**Raw data**
---
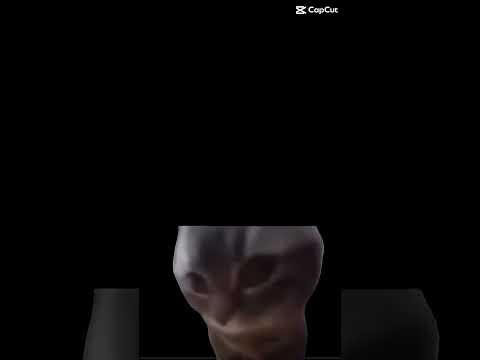 Chipi Chpia Dupi Dapa Dapa 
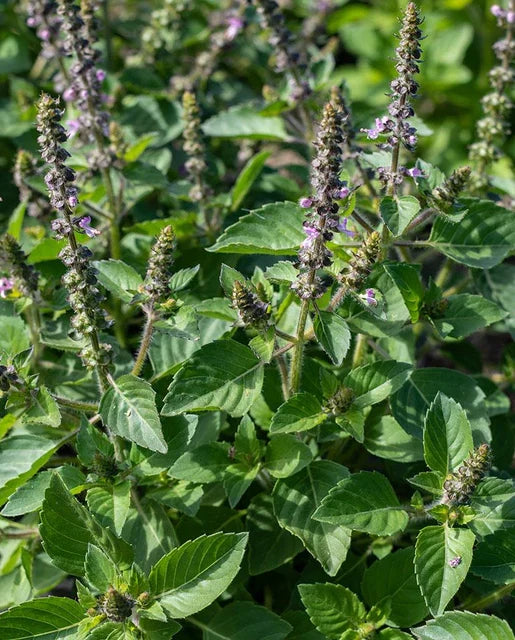 HOLY BASIL ORGANIC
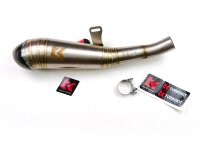 Auspuff Carbon für Ducati Scrambler 800 15-20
---
**Exercise details**
Once the line containing "HOLY BASIL ORGANIC" is found, write it out exactly along with every line after it through the end of the listing, excluding pictures.

**Answer to this exercise**
 HOLY BASIL ORGANIC
 Auspuff Carbon für Ducati Scrambler 800 15-20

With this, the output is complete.